• _DIRECTIONS_: Your answer is the line containing "The Luma - Modern" plus every line after it through the end of the records, printed exactly and free of pictures.

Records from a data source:
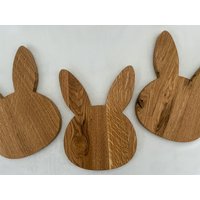 Frühstücksbrettchen Hase, Mini Schneidbrett, Servierbrett S, M, L, Schneidbrettchen Personalisierbar, Ostern, Osterbrett von Holzguhl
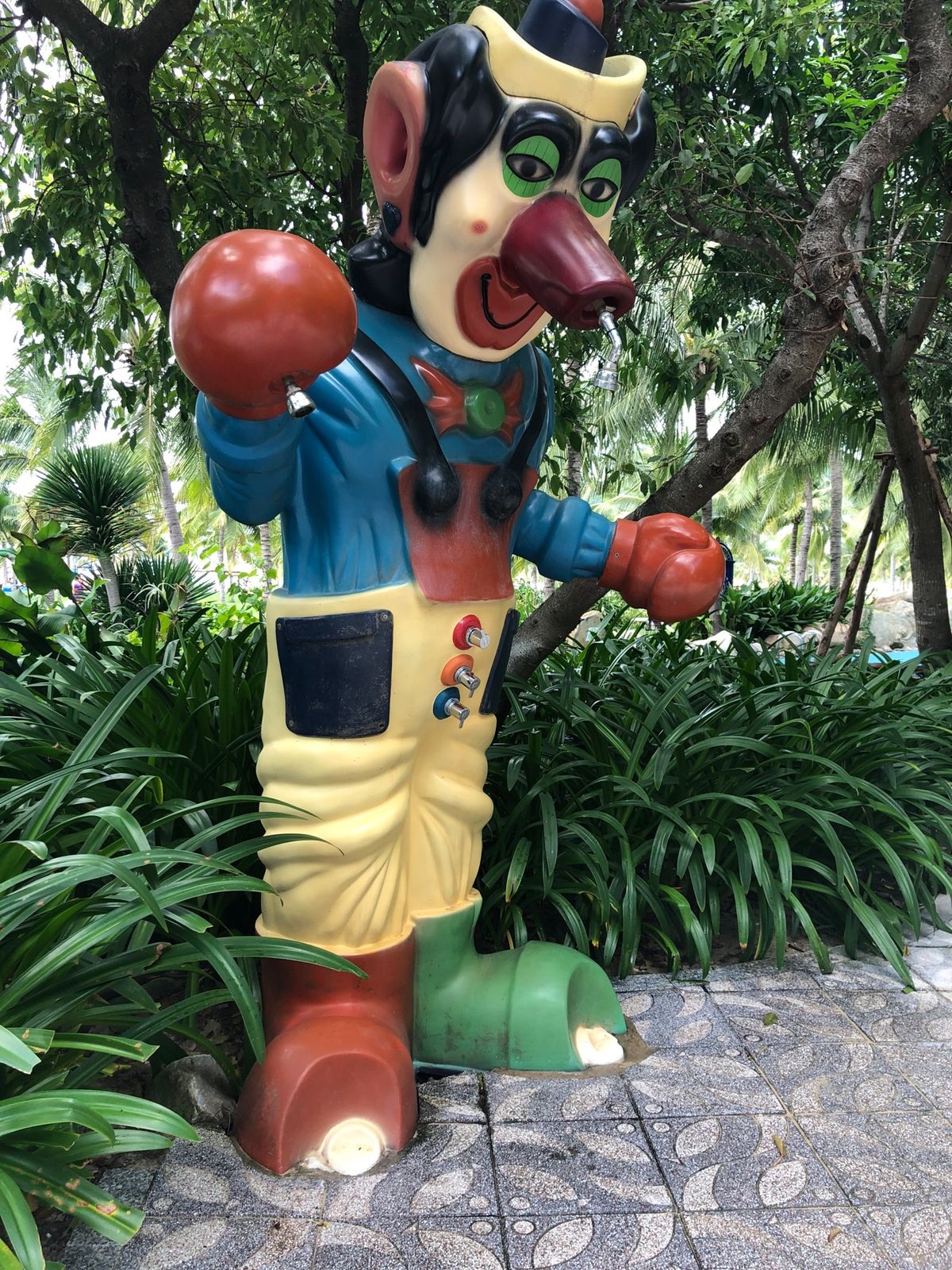 2日目はとってもユニークな遊園地「ヴィンパールランド」に行った。ちょっと不...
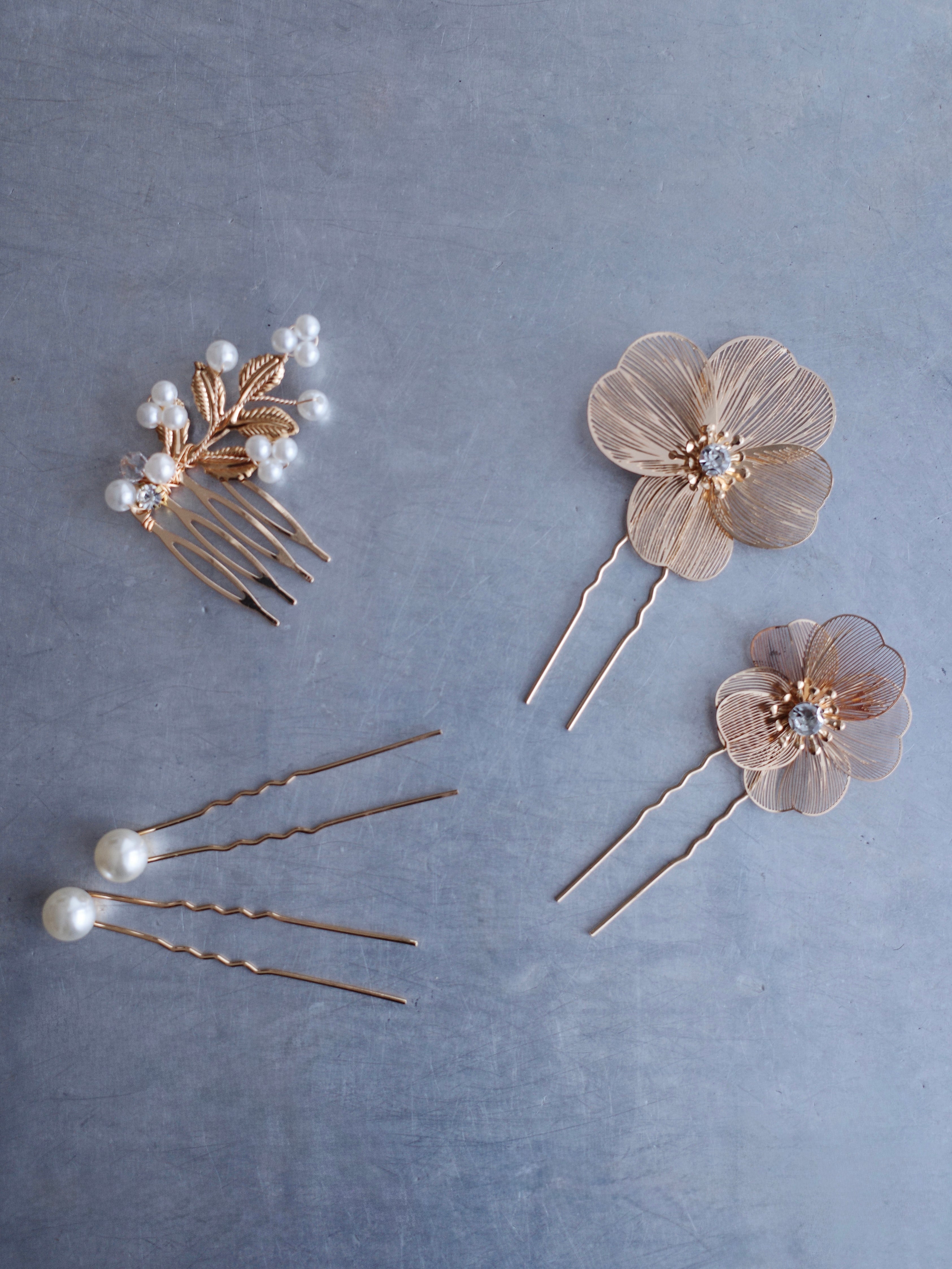 FLORAL HAIR PIN SET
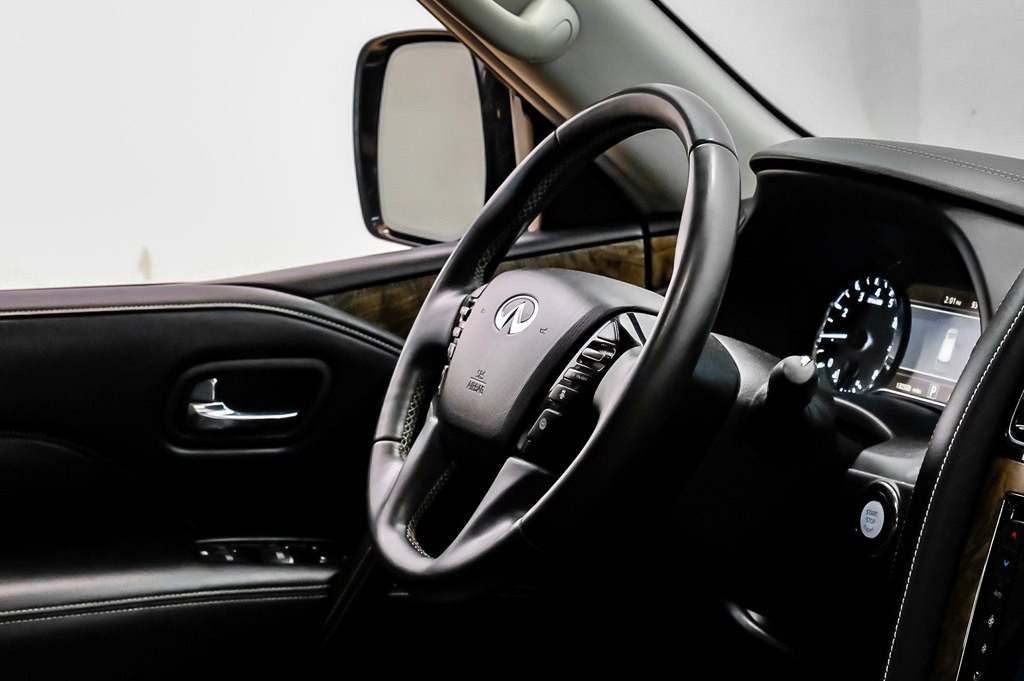 2021 INFINITI QX80 Image 17
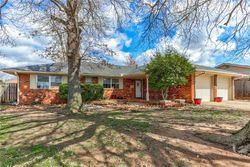 Pre-foreclosure in  FREMONT DR Oklahoma City, OK 73120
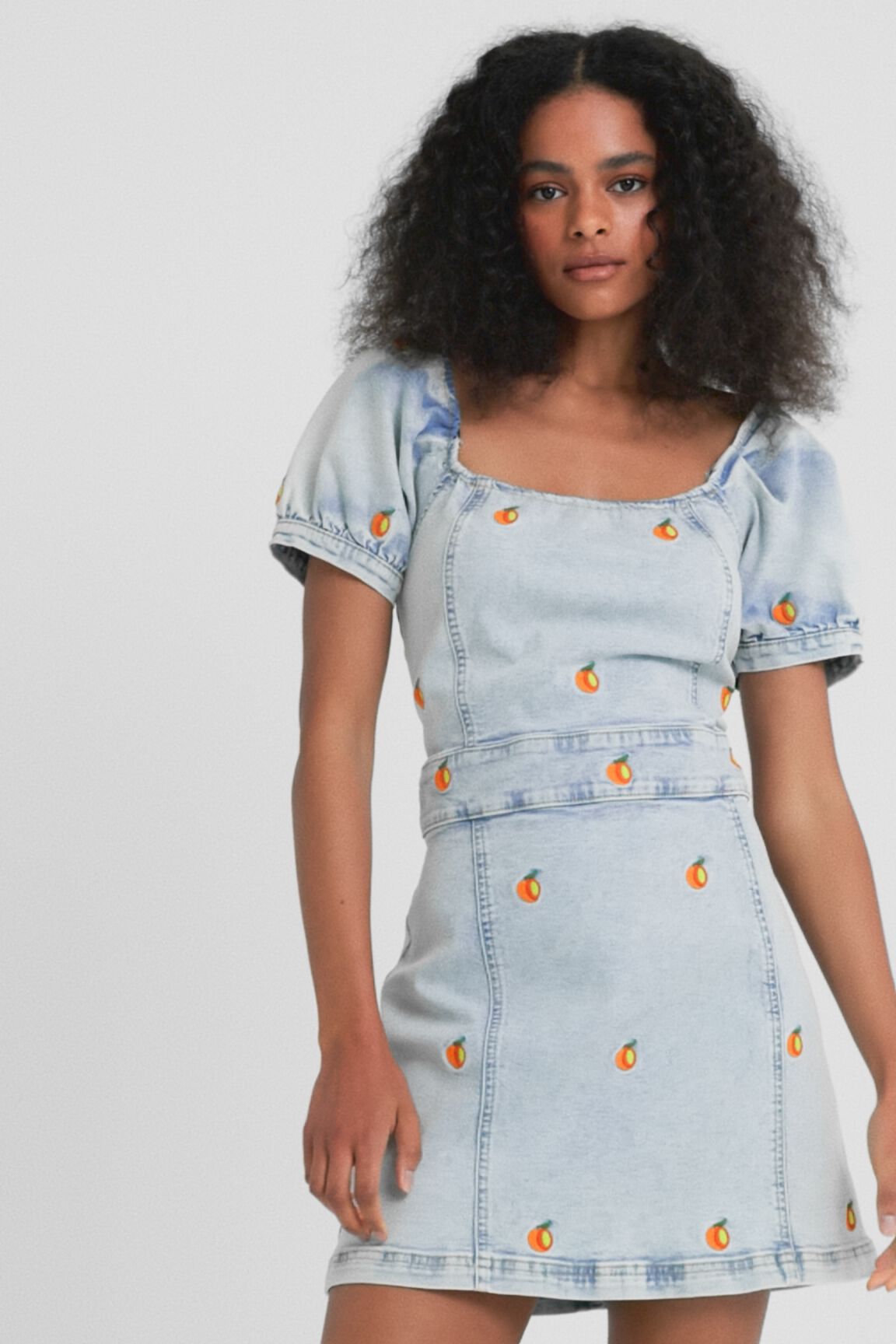 Robe courte ajustée en denim
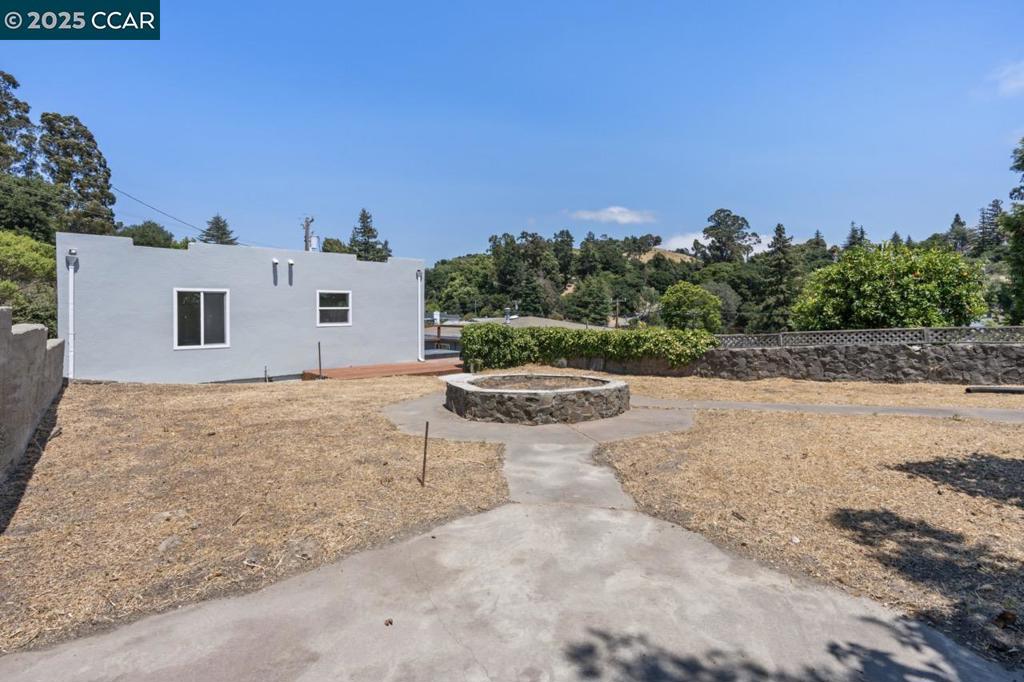 EL SOBRANTE - Residential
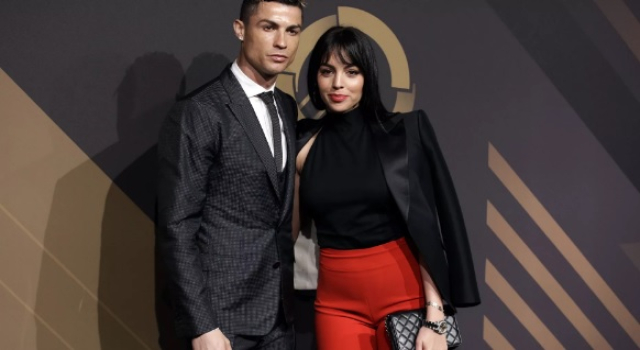 Ronaldo 5 çocuğunun annesi Georgina Rodriguez'e 9 yıl sonra evlilik teklifi etti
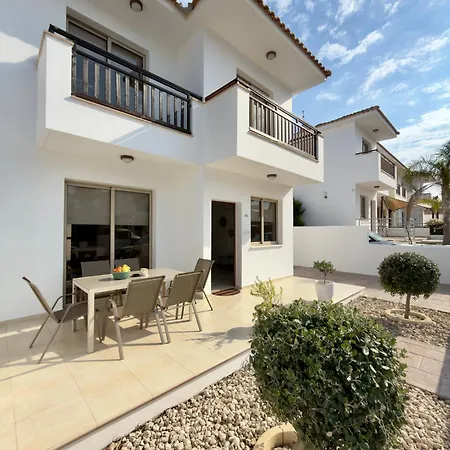 The Luma - Modern 3br - Walking To Villa Protaras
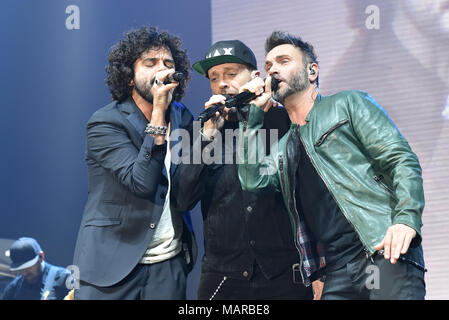 Les chanteurs pop italienne trio, composé par Max Pezzali (C), ancien chanteur du groupe 883, (R) Nek (de son vrai nom Filippo Neviani) et (L) Francesco Renga, photographié en live sur scène à PalaPartenope dans Napoli. (Photo par Paola Visone/Pacific Press) Banque D'Images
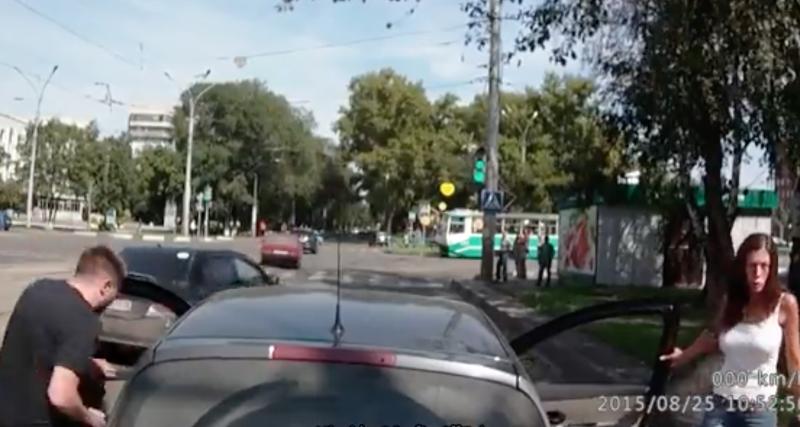  - VIDEO - En Russie, il ne vaut mieux pas se prendre la tête avec les autres automobilistes
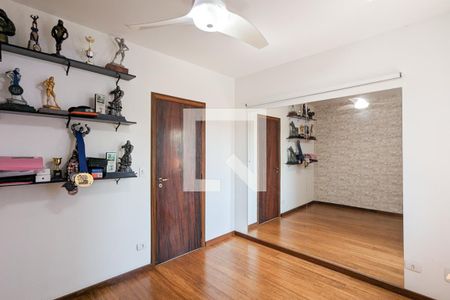 Apartamento à venda com 203m², 3 quartos e 2 vagas Apartamento à venda com 203m², 3 quartos e 2 vagasQuarto 3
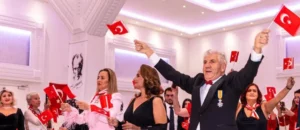 Hollanda’nın en renkli insanı Bülent TÜRKER’den muhteşem bir tören daha…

• _RESULT_:
 The Luma - Modern 3br - Walking To Villa Protaras
 Les chanteurs pop italienne trio, composé par Max Pezzali (C), ancien chanteur du groupe 883, (R) Nek (de son vrai nom Filippo Neviani) et (L) Francesco Renga, photographié en live sur scène à PalaPartenope dans Napoli. (Photo par Paola Visone/Pacific Press) Banque D'Images
  - VIDEO - En Russie, il ne vaut mieux pas se prendre la tête avec les autres automobilistes
 Apartamento à venda com 203m², 3 quartos e 2 vagas Apartamento à venda com 203m², 3 quartos e 2 vagasQuarto 3
 Hollanda’nın en renkli insanı Bülent TÜRKER’den muhteşem bir tören daha…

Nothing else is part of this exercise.